THERESA May famously tried pulling off a “red, white and blue Brexit”. She failed, not least because no one knew what on earth she meant.

Boris Johnson is now trying a Bullingdon Brexit - braying and swaggering and expecting everyone else to defer to him.

He too is failing, but this time it’s because everyone knows exactly what he’s up to. His insulting, heavy-handed approach has been a disaster.

The original sin was proroguing parliament for five weeks, the longest suspension outside an election period since 1931, on the laughable grounds it was nothing to do with stifling debate on Brexit.

READ MORE: The House of cards begins to collapse 

It infuriated and united a fractious opposition who refused to give him an election in mid-October and then passed a law to prevent no-deal on October 31.

Now that fateful prorogation has taken Mr Johnson’s agonies to a whole new level.

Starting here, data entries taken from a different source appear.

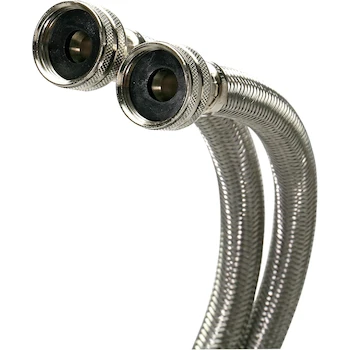 Imagen de referencia para Fluidmaster B9WM48HE - Conector de Lavadora de Alta Eficiencia, Acero Inoxidable Trenzado, 3/4" Manguera x 3/4" Manguera, 4 pies (121.9 cm)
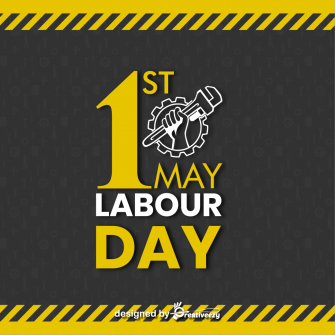 1st of may labour day yellow and dark background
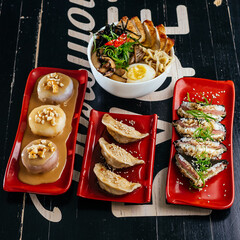Wall Mural - asian cuisine, salads, soups, snacks, sushi, hot dish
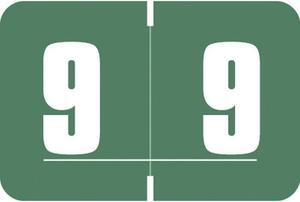 Digi Color DXNM Compatible Numeric "9" Labels, Laminated Stock, 1-5/8" x 15/16" Individual Numbers - Roll of 250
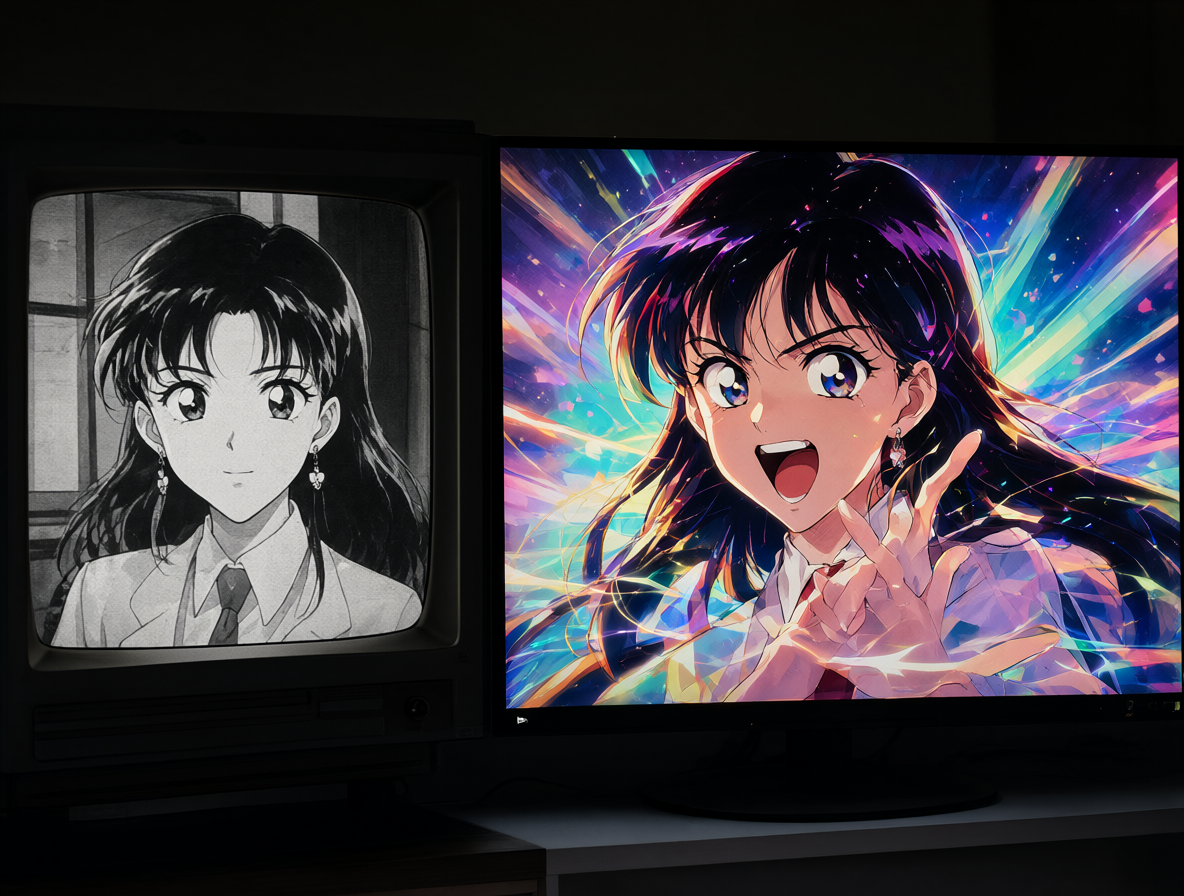 Comparativa visual entre un televisor antiguo cuadrado y un monitor moderno panorámico mostrando la evolución del anime.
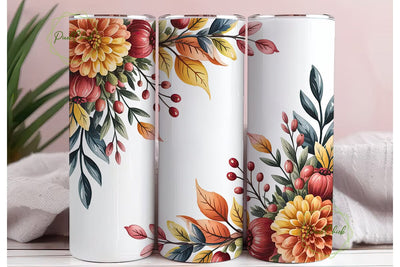 Autumn Floral Watercolor 20oz Tumbler Sublimation PixelChick 
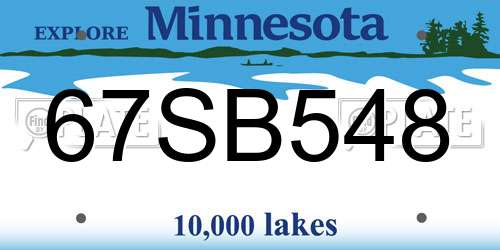 67SB548 Minnesota License Plate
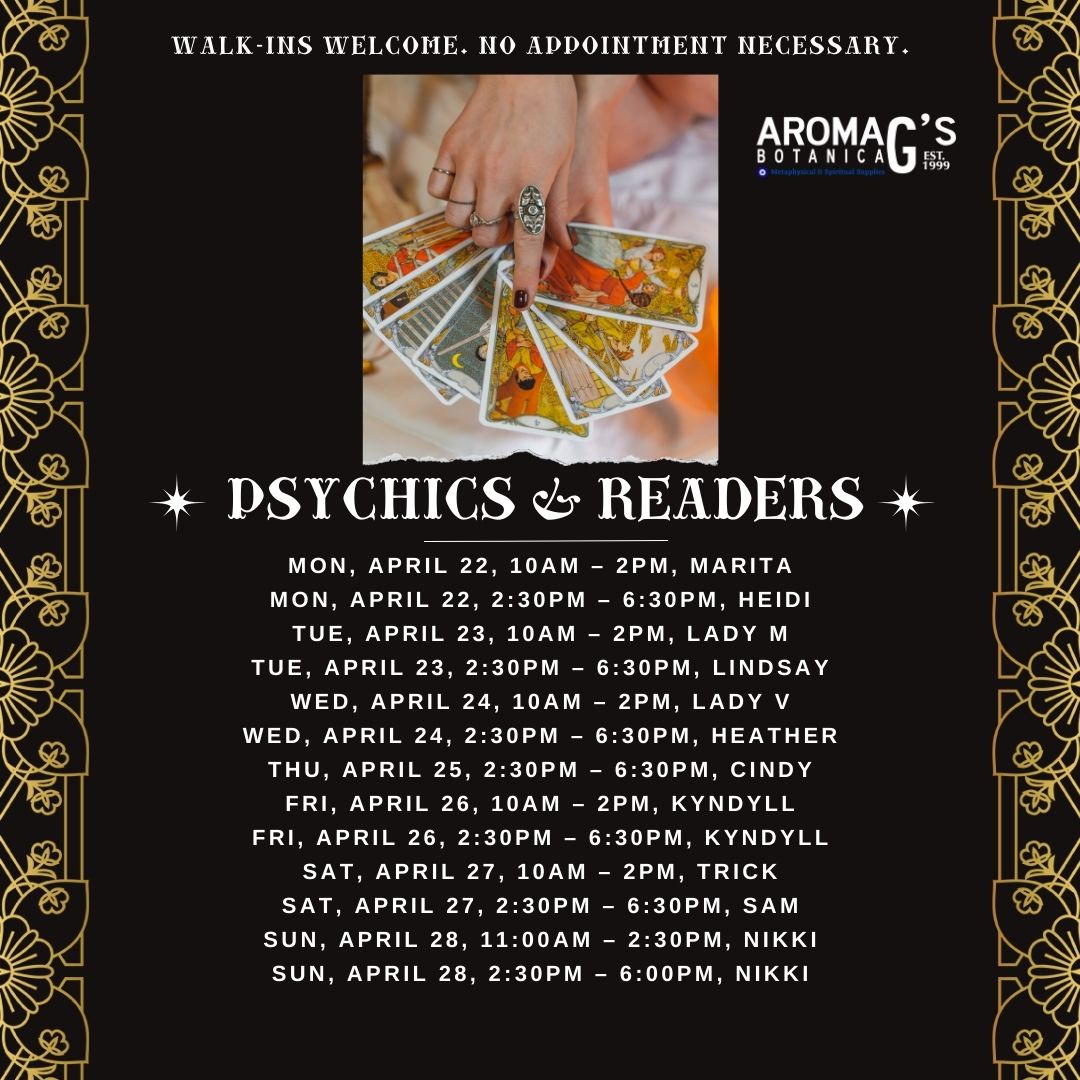 In-store readings calendar:
aromags.com/psychic-tarot-…

#TarotReaders #Psychics #MetaphysicalShop #MetaphysicalStore #OracleCards #Divination #Cartomancy #TarotReadings #PsychicReadings #AromaGBotanica #DivineDestiny #UnlockTheMysteries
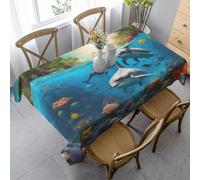 Nappe Dauphin, Tortue De Mer, Requin, Pieuvre, Corail Imprimé Nappes Déperlante Couverture De Table Rectangle Nappes Pour Salle À Manger Fête Jardin 137X183Cm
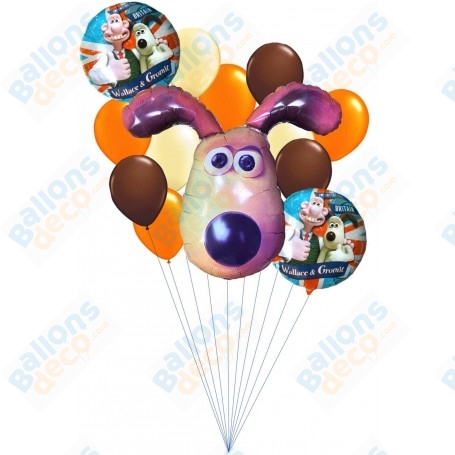 Ballons Wallace & Gromit Vintage en Grappe, Décorations ballons pour anniversaire.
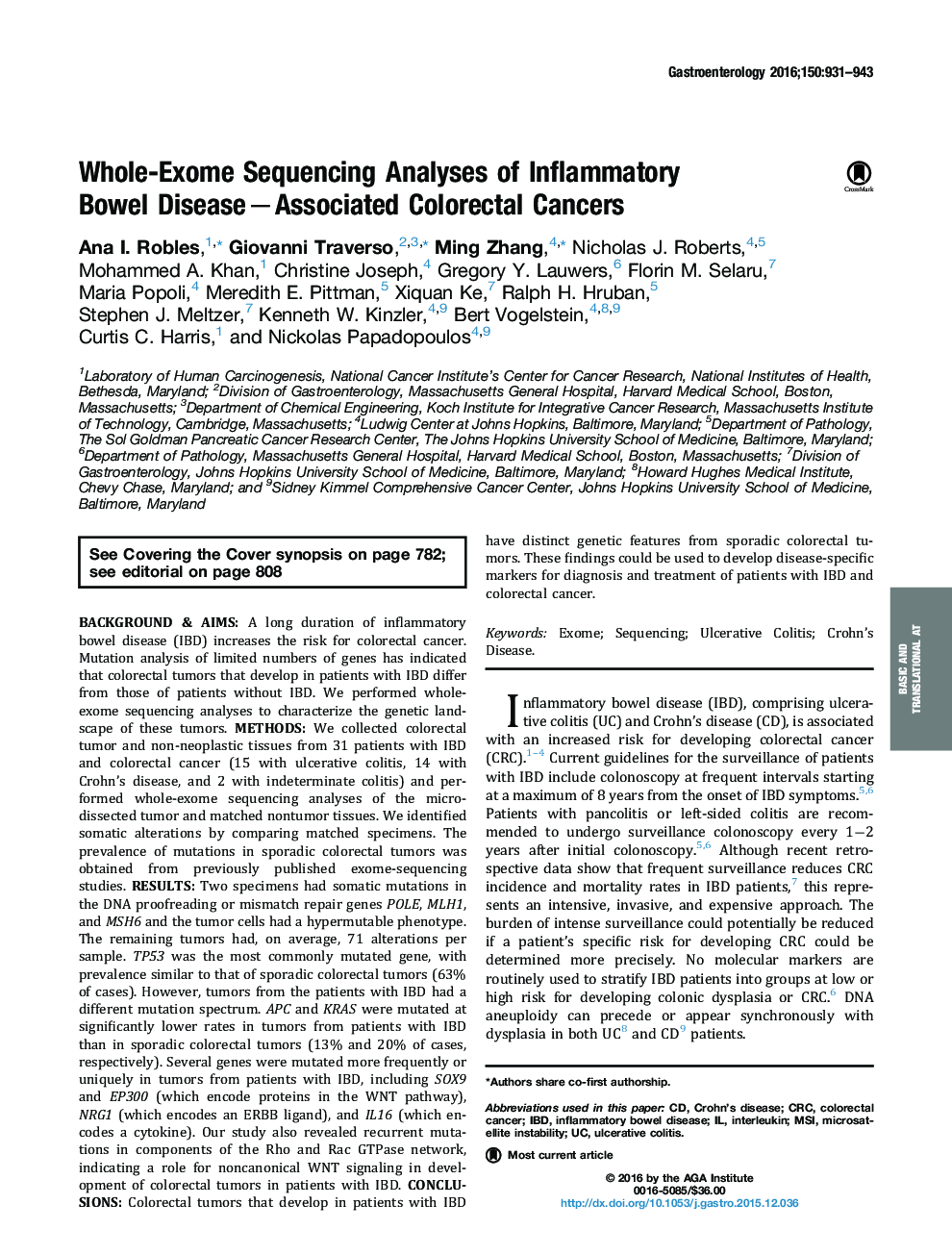 Whole-Exome Sequencing Analyses of Inflammatory Bowel Disease−Associated Colorectal Cancers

Last week, the High Court in London and a single judge at the Court of Session in Edinburgh both rejected legal challenges to the move from campaigners and politicians.

However the Scottish decision was instantly appealed to the Inner House of the Court of Session, where three judges yesterday ruled that Mr Johnson’s action had been unlawful.

The clear inference was that the PM had lied to the Queen, the parliament and the country when he claimed prorogation was merely teeing up a new legislative programme.

It doesn’t get much more serious than dragging the monarch into a national fraud.

As former Attorney General Dominic Grieve said, if that “shameful act” is established, it will be a resignation matter.

Without the palace’s trust, the PM’s position is untenable.

All eyes are now on the UK Supreme Court, where nine justices will start a three-day hearing on Tuesday.

If they agree with the Scottish judges, it’s game over. But even if they don’t, perhaps on the grounds that this is a political not a legal issue, Mr Johnson isn’t out of the woods.

The information that comes out in court could still be lethal.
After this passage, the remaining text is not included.